From the data below, copy exactly the lines that lie between the one holding "Just want to say" and the one holding "day full of", including both, and nothing more.

++++++++

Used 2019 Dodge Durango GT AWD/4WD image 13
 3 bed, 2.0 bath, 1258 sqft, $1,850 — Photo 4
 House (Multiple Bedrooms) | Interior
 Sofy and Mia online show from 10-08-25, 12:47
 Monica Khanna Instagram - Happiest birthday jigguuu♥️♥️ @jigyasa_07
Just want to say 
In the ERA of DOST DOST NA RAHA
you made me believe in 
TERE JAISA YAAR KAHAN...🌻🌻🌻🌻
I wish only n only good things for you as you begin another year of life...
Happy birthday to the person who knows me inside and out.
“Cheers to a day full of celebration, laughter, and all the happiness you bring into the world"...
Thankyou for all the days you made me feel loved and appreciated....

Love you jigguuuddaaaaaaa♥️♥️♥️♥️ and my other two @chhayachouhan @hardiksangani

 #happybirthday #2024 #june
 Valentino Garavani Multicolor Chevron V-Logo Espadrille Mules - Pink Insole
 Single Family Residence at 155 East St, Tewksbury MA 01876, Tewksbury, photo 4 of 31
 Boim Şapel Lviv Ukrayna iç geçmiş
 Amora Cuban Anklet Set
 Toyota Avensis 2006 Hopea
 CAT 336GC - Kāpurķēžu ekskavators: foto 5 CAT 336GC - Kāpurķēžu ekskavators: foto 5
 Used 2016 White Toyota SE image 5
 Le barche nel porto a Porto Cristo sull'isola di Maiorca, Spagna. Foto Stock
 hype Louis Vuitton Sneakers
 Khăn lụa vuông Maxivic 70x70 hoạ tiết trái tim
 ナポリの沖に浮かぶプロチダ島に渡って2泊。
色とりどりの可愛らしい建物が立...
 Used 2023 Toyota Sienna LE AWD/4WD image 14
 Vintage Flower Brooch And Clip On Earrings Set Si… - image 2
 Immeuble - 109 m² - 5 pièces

++++++++

Result for this task —
Just want to say 
In the ERA of DOST DOST NA RAHA
you made me believe in 
TERE JAISA YAAR KAHAN...🌻🌻🌻🌻
I wish only n only good things for you as you begin another year of life...
Happy birthday to the person who knows me inside and out.
“Cheers to a day full of celebration, laughter, and all the happiness you bring into the world"...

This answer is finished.